Loehle Temperature Reconstruction

The Loehle Temperature Reconstruction is a narrowly scoped loosely constructed picture that due to its limitations, is deceptive in its depiction of past climate. When placed in context of more strongly validated science it’s weaknesses become more obvious. In that sense, one may go as far as to say the paper, in and of itself, is scientifically inappropriate with regard to what it is claimed to represent.

Loehle Temperature Reconstruction

Loehle Temperature Reconstruction

The most important point in understanding past climate is that single assessments and narrowly scoped research is not sufficient to understand the big picture of climate.

The Loehle temperature reconstruction is inadequate in its assessment and results. The simple fact that his chart is now out there without proper context is a distraction to the relevant contextual science that has survived peer response. Peer review is necessary but not sufficient when examining the validity of data. Loehles work does not hold up to peer response.

“Loehle has issued a correction that fixes the more obvious dating and data treatment issues, but does not change the inappropriate data selection, or the calibration and validation issues.”
– Gavin Schmidt NASA/GISS

What this indicates is that Loehle is willing to leave his flat earth proposal out there for denialists to use to support scientifically unsupportable positions. But in reality it is a paper that will fade into the oblivion of irrelevant science. In the mean time, it wil be used by denialists of AGW to make false claims.

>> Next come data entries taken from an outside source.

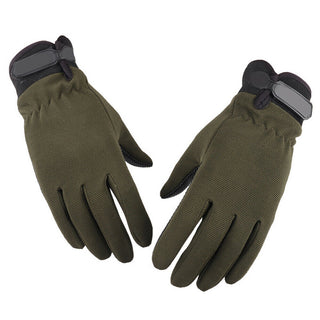 Winter Thermal Windproof Water Anti-Slip Touch Screen Bike Gloves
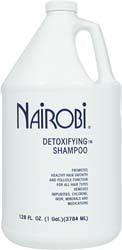 Nairobi Detoxifying Shampoo Gal (Licensed Professionals Only) - New Supply Zone & Fab Fashions front photo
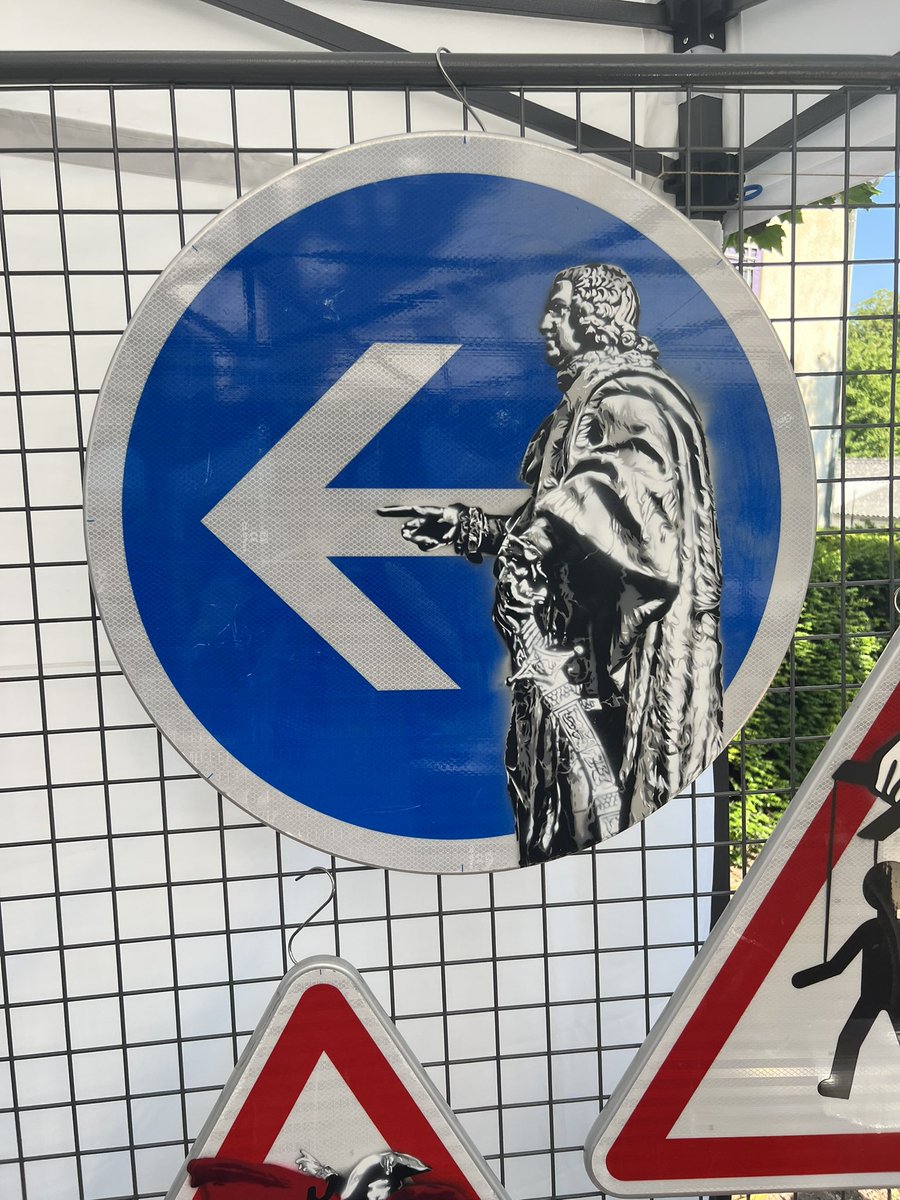 ErgunToparslan's tweet image. ☀️ Très belle journée artistique à #PontAMousson de l'Association Artistique Mussipontaine Arcadie

🖼️ 🎨🎭Des Peintres, sculpteurs, photographes, de l’artisanats d'Art sur le boulevard de Riolles.

Plaisir de retrouver notre talent local #LikeCA 🤩

#art #design #graphicdesign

Let’s take a look at what Loehle’s paper is based on, and what relevant climates scientists look at when evaluating past climate temperatures from ‘Past reconstructions: problems, pitfalls and progress

“These encompass tree ring width, density and isotopes, some ice cores, corals, and varved lake sediments. The next most useful set of data are sources that have up to decadal resolution but that can still be dated relatively accurately. High- resolution ocean sediment cores can sometimes be found that fit this, as can some cave (speleothem) records and pollen records etc.”
– Gavin Schmidt NASA/GISS

and

“The Loehle paper was published in Energy and Environment – a journal notable only for its rather dubious track record of publishing contrarian musings. The reconstruction itself is based on a network of 18 records that are purportedly local temperature proxies, and we will use those as examples in the points below. More discussion of this paper is available here.”
– Gavin Schmidt NASA/GISS

Overall, the data concentrated on by Loehle seems to have low resolution which does not allow more accurate assessment. He used averages to represent data points. Times scales were misrepresented without reasonable context, he used proxy data with short period calibration with no validating data, he used out of date data, he composited data with different averaging periods, different spatial representation and noise levels and seems to have assigned weighting in a random pattern out of context to better validated reconstructions… all in all a very confused assessment.

To be fair it is difficult to reconstruct past climate, but Loehle seems to have scoped his assessment based on randomness rather than validated proxies. The lack of alignment in time is also a problem.

“What does this imply for Loehle’s reconstruction? Unfortunately, the number of unsuitable series, errors in dating and transcription, combined with a mis-interpretation of what was being averaged, and a lack of validation, do not leave very much to discuss. Of the 18 original records, only 5 are potentially useful for comparing late 20th Century temperatures to medieval times, and they don’t have enough coverage to say anything significant about global trends. It’s not clear to me what impact fixing the various problems would be or what that would imply for the error bars, but as it stands, this reconstruction unfortunately does not add anything to the discussion.”
– Gavin Schmidt NASA/GISS

Summary

It is important to state that if a scientist limits the scope of his analysis, narrows his view, or simply does not include the known relevant factors and scope, he/she can prove almost anything wrong based on such limitation … even that the earth is flat. But in the big picture we know the earth is round and such limited analysis should be ignored. The incorrect nature of the Loehle temperature reconstruction is a disservice to the public and to science in general. One must wonder as to why he would ignore the relevant science?

Climate science is about the ‘big picture’ based on all the ‘little pictures’, not the little picture ignoring the big picture.